No n Powers

If some of the terms are negative, then look at the series of absolute values instead. If that converges, then the original will as well, because of the Absolute Convergence Test. Try to get rid of negative exponents, and treat them as fractions instead. If you have fractions inside of fractions, try finding common denominators and reduce to just one fraction.

As an example,

(3n^-2)/((n+1)(2n)^(-1)*n^(1/2))=(6n)/(n^2(n+1)*n^(1/2)) = 6/((n^2+n)*n^(1/2)) <= 6 * 1/(n^2)

Then use the Comparison Test, comparing with the p-series above:

the sum over n from 1 to infinity of 1/(n^2) converges, so the sum over n from 1 to infinity of (3n^-2)/((n+1)(2n)^(-1)*n^(1/2)) converges

If there aren't any transcendental functions (like the natural logarithm, the tangent function, and so forth) in the term, do the following: find the largest power of n contained in the a[n] term. If the term is a fraction, find the largest power of n in both the numerator and the denominator, and subtract the largest power in the denominator from the largest power in the numerator to get the largest power of n in the entire term. If two n terms are multiplied, add the powers. If a group of terms is inside, say, a cube root, divide all powers inside the cube root by three.
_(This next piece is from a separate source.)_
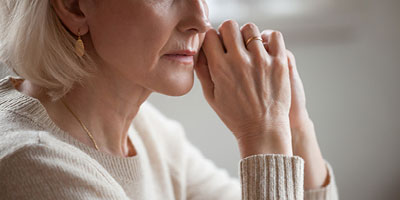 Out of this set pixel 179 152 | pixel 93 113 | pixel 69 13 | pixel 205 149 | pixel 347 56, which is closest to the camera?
pixel 69 13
The resulting highest power should be negative. If not, then find the limit of the terms: it probably won't be zero. If it is negative, then try the Comparison Test or the Limit Comparison Test with b[n] = 1/n^p, where p is the power from above. If that doesn't work, and the term looks like something you can integrate, try the Integral Test.

For instance,

(n^3+n^(1/2))/(2n^2*(3n+2n^2)^(1/3))

has a power of 3 in the numerator, and a power of 2+2/3 in the denominator, so the whole fraction should compare favorably with n^(1/3). Use the Limit Comparison Test, and divide the above term by n^(1/3) to get

(n^3+n^(1/2))/(2n^2*(3n^2+2n^3)^(1/3))

Then, in order to find the limit as n goes to infinity, divide both top and bottom by n^3 to get

(1+n^(-2.5))/(2*(3n^-1 +2)^(1/3))

and then the limit is found to be 2^(-4/3), a positive number. Since n^(1/3) diverges as a series (see p-series), the original series also diverges.

If you have an "exp" function, or a hyperbolic trig function, then write out the functions in terms of e, and you'll see that you do have an n in a power. Try those tests instead.

If you have a logarithm, then try treating it as an extremely small power of n. In fact, for any n^k, with k positive, ln n < n^k for large enough n. So,

ln(n/(n^2)) < (n^(1/2))/(n^2) = n^(-3/2)

which is a converging p-series, so the original series converges as well.

If you have a trigonometric function, check to see if you can find a pattern to the results; this is most likely if you have pi inside the trig function. If you just have a sine or a cosine function, try treating those as if they were constants; that might work, especially with a comparison test (for example, |sin x|<=1).

For example, the sum of sin(pi/2*n) is really 1 + 0 + -1 + 0 + 1 + 0 + -1 + 0 + ... Its sequence of partial sums has no limit, so the series does not converge. The sum of |sin n|/n^2 has terms smaller than 1/n^2, which converges, so the sum of |sin n|/n^2 also converges.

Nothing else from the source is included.